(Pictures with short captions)
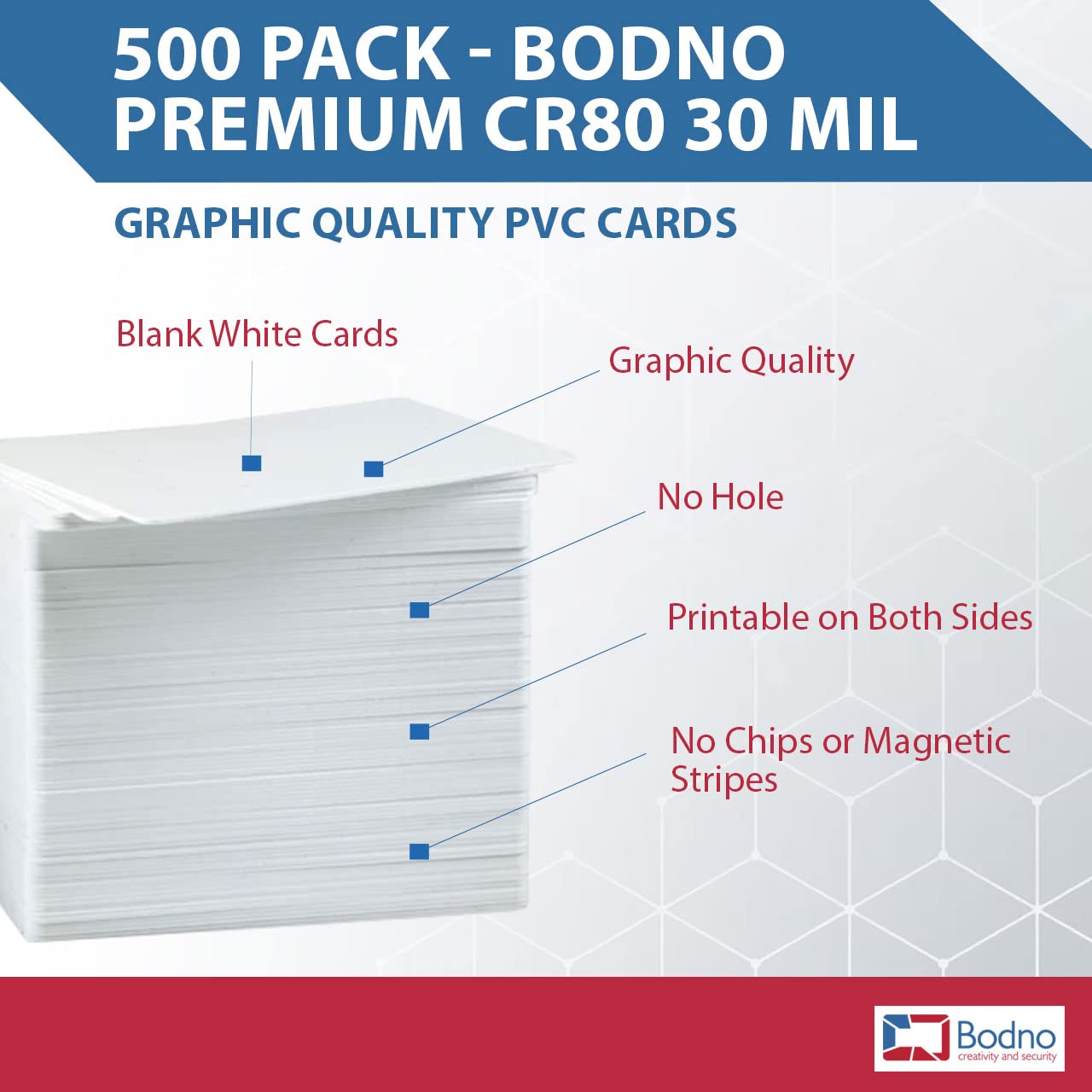 500 Pack - Bodno Premium CR80 30 Mil Graphic Quality PVC Cards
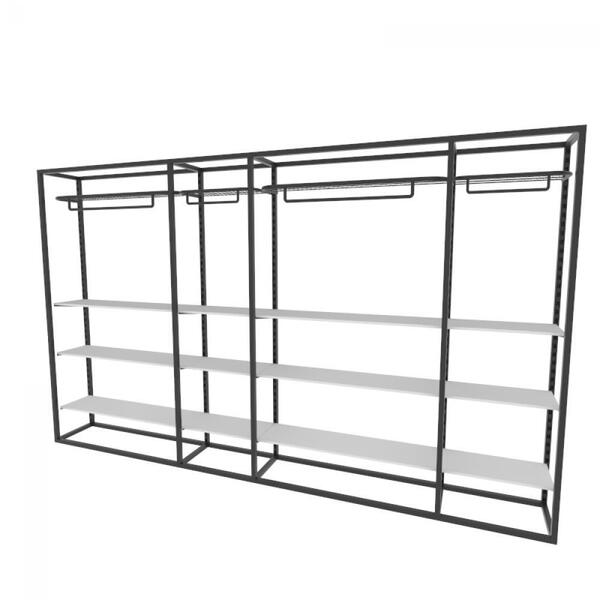 Arara Closet, Estilo Industrial, Guarda Roupas Aberto Com 44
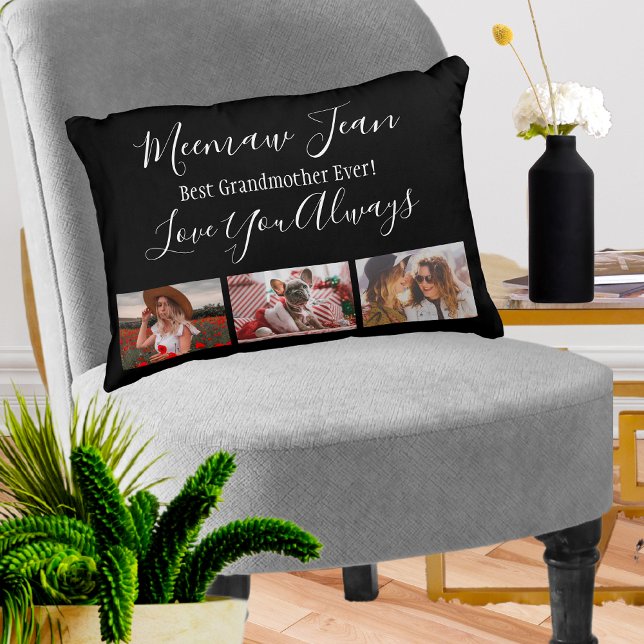 Best Grandmother Ever 3 Photo Collage White Black Decorative Cushion (Creator Uploaded)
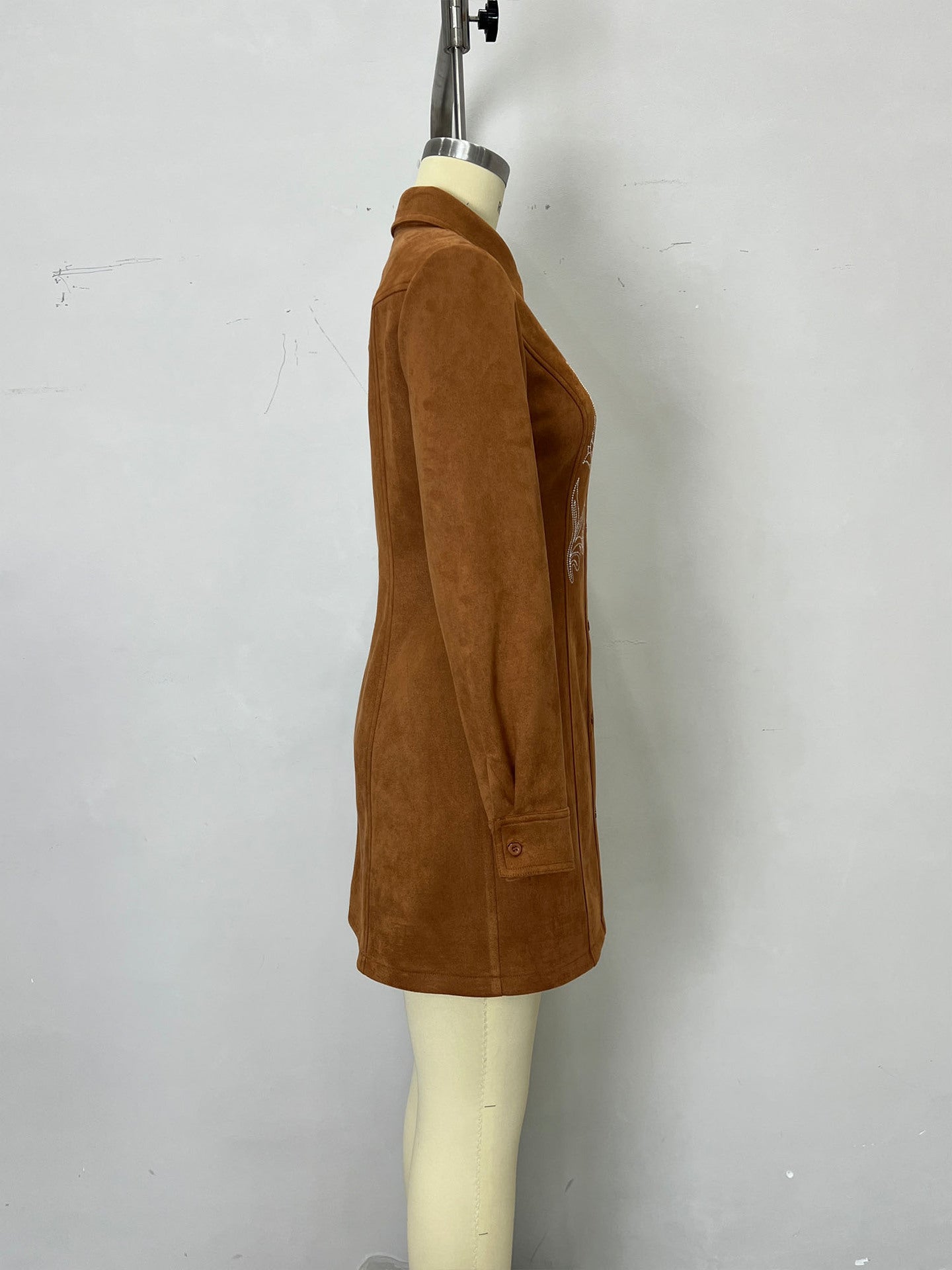 Women Autumn Winter Collared Single Row Multi Buckle Embroidered Suede Long Sleeved Shirt Mid Length Dress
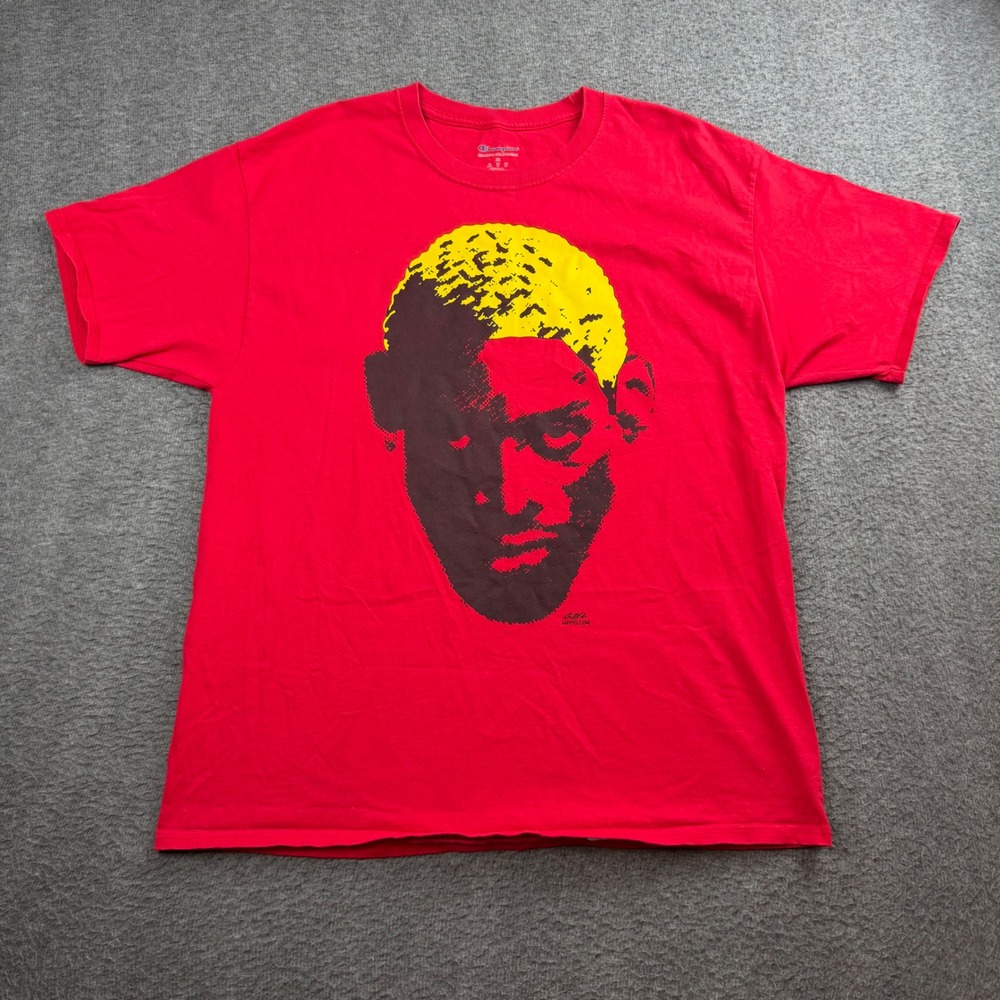 Champion Dennis Rodman Graphic T-Shirt Men's XL Red Short Sleeve Cotton Tee - Picture 1 of 7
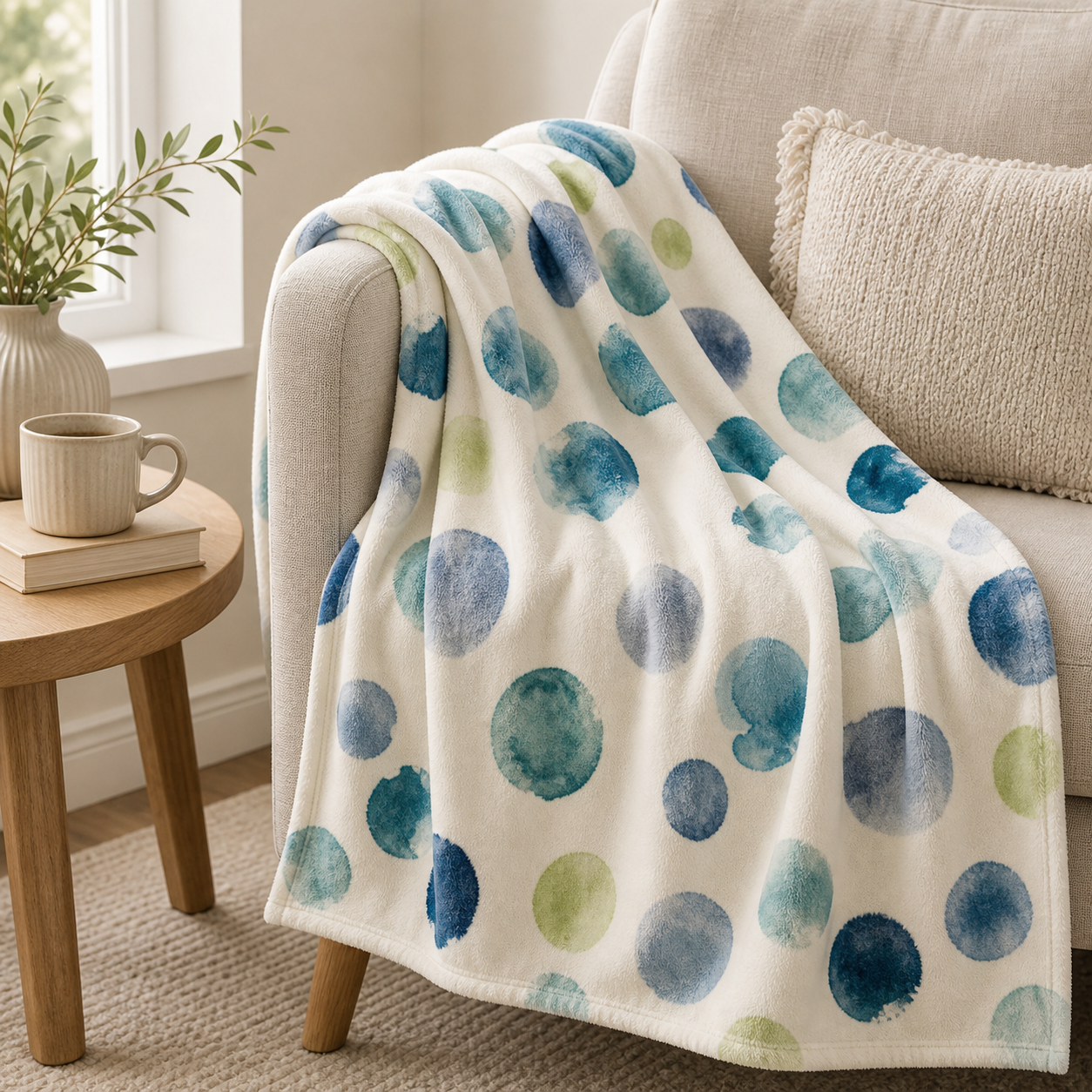 Cozy Haven Watercolor Dot Throw Blanket lifestyle image 6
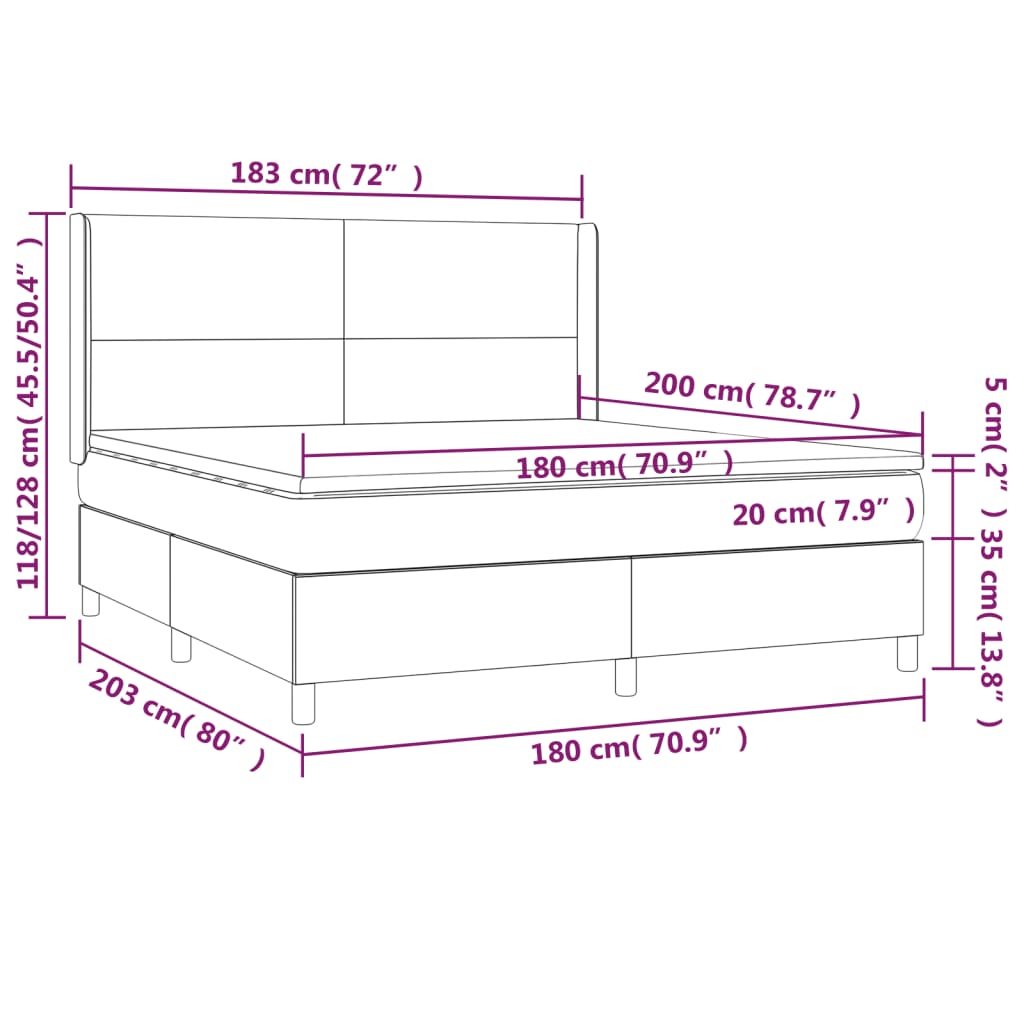 Letto a Molle Materasso e LED MarroneScuro 180x200cm in Tessuto | homemem39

_WHAT THE TASK REQUIRES_:
With the pictures left out, restate word for word every line of the data above, from the first down to the line that contains "Best Grandmother Ever".

_RESULT FOR THIS EXERCISE_:
 500 Pack - Bodno Premium CR80 30 Mil Graphic Quality PVC Cards
 Arara Closet, Estilo Industrial, Guarda Roupas Aberto Com 44
 Best Grandmother Ever 3 Photo Collage White Black Decorative Cushion (Creator Uploaded)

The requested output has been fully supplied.